Speaking at a press conference in London about reducing health inequalities, Professor Sir Michael Marmot was asked what he made of Johnson's claim.

"I think when the history of the 21st century is written, Boris Johnson will go down as one of the best guests on Have I Got News For You.

"It's a ridiculous thing to say. It's been pointed out by the statistics authority, the national statistics authority that that is totally misleading".

Sir Michael added: "He does say 'gross'. Gross is a good word to use actually... but that's not the relevant bit."

The academic said the claim has been shown to be "a lie", adding: "It's an untruth. It's misleading. I'm not sure what other word to use."

Meanwhile, MPs have been told there is a “strong case” for a longer post-Brexit transition period to mitigate against the potential loss of EU students and staff at Scottish universities.

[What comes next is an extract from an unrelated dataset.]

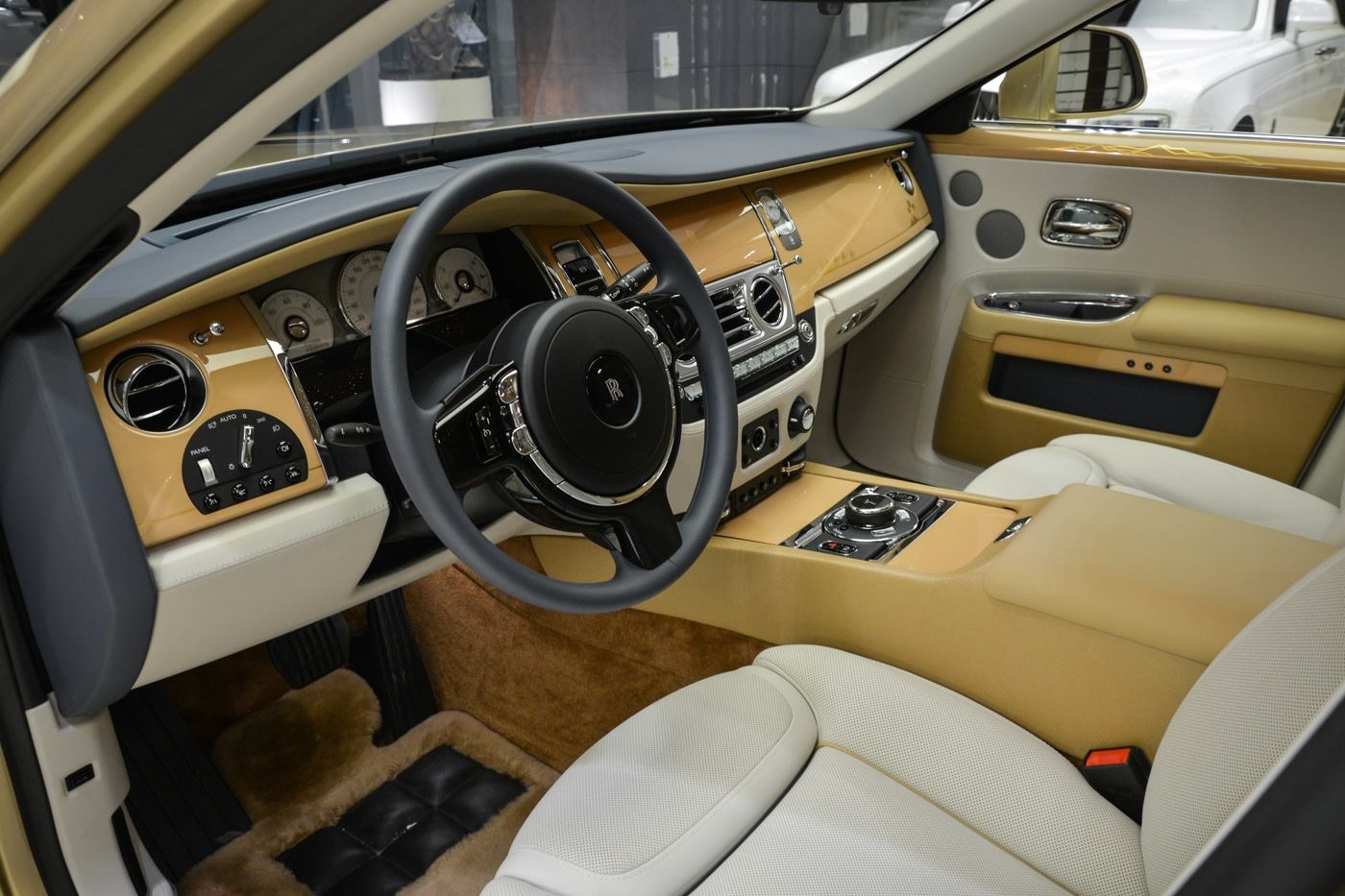 Rolls-Royce ra mat Ghost ''Oasis Edition'' anh 6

The Scottish Affairs Committee heard the number of EU nationals coming to Scotland to study could drop significantly if tuition fees are introduced, and some institutions and subject areas would be seriously affected by the decline.

The UK Government has proposed a two-year implementation period after Britain leaves the EU in 2019 but the European Commission’s chief negotiator Michel Barnier has said any transition period should finish at the end of 2020. European law means students from other EU countries are able to access free tuition in Scotland in the same way as Scottish students.

However, Professor Andrea Nolan, convener of Universities Scotland, said she expected this requirement to end after Brexit, adding that Edinburgh Napier University, where she is principal, would introduce fees.